• **EXERCISE**
Starting at the line with "Clearance Chemin De" and ending at the line with "Corgizilla Giant T", print exactly the lines of the entries below. Pictures do not belong in the copy.

• **THE DATA**

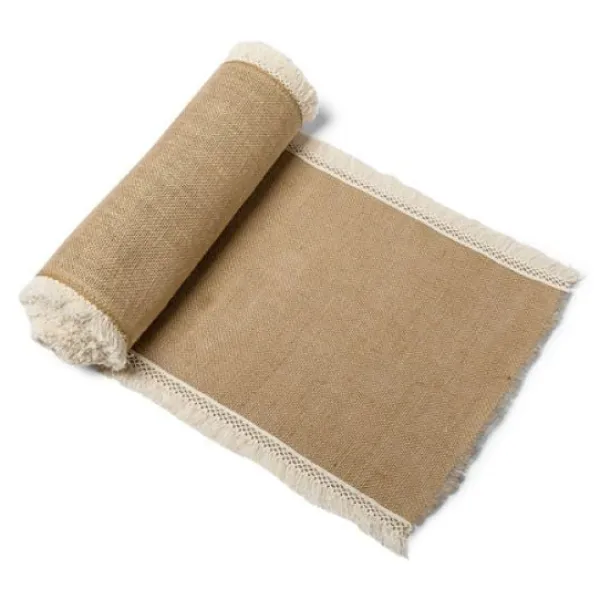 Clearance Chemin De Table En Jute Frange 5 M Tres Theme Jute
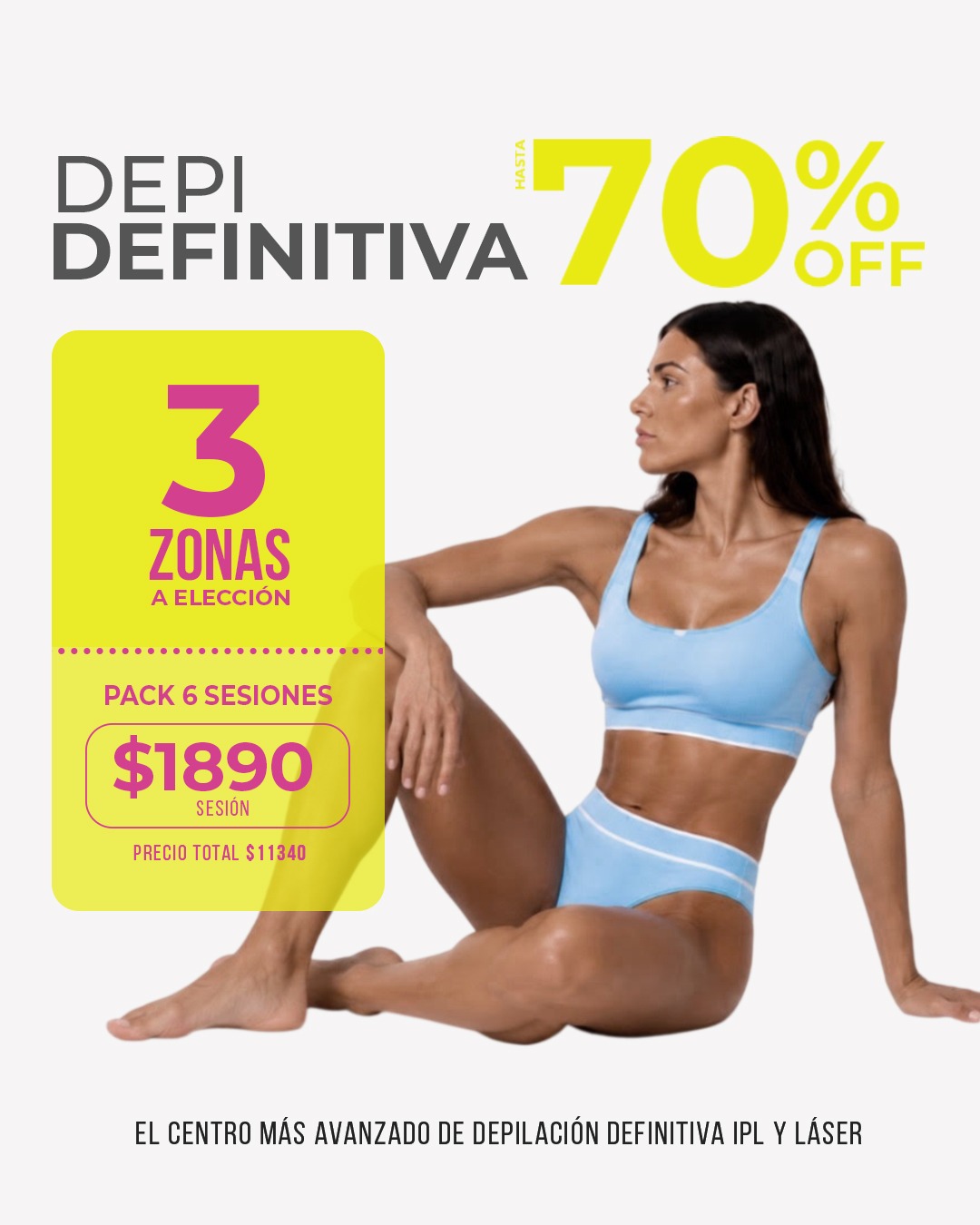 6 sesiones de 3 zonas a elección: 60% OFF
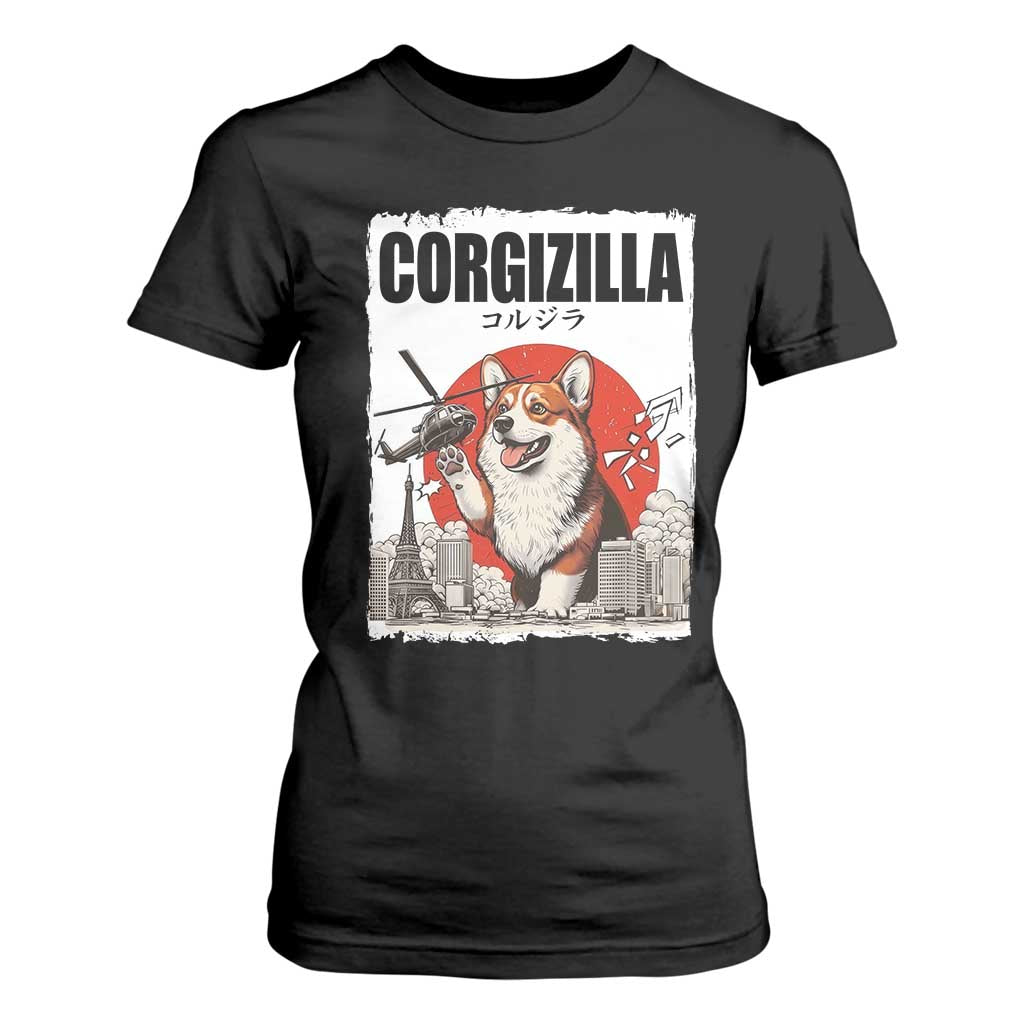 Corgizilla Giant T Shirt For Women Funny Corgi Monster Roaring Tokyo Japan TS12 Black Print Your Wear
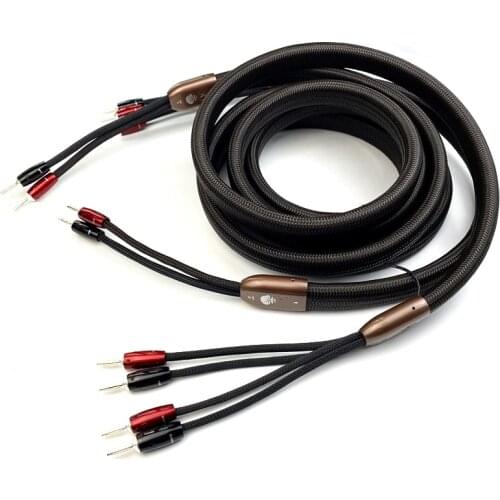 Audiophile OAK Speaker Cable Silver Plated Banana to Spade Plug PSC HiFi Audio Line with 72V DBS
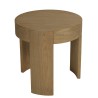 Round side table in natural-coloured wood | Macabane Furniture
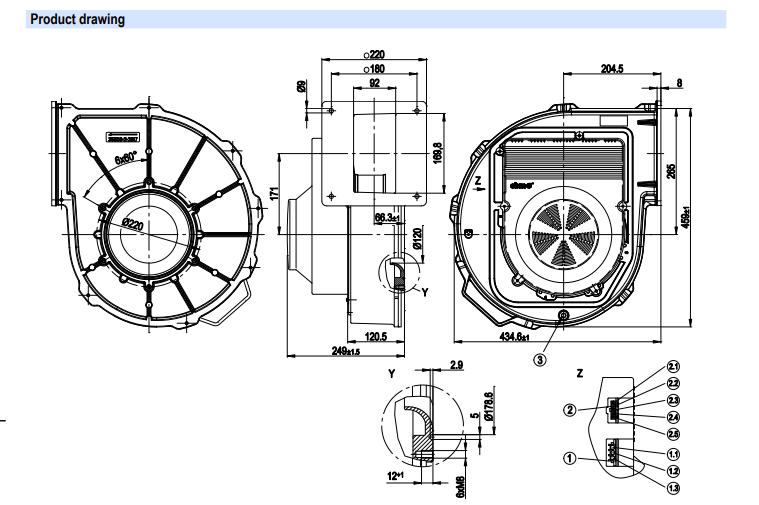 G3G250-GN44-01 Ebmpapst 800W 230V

...

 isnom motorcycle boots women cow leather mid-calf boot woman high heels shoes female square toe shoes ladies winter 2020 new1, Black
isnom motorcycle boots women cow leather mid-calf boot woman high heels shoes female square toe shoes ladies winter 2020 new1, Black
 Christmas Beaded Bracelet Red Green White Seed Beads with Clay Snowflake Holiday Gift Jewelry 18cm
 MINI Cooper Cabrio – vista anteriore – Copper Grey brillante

• **RESULT BELOW**
 Clearance Chemin De Table En Jute Frange 5 M Tres Theme Jute
 6 sesiones de 3 zonas a elección: 60% OFF
 Corgizilla Giant T Shirt For Women Funny Corgi Monster Roaring Tokyo Japan TS12 Black Print Your Wear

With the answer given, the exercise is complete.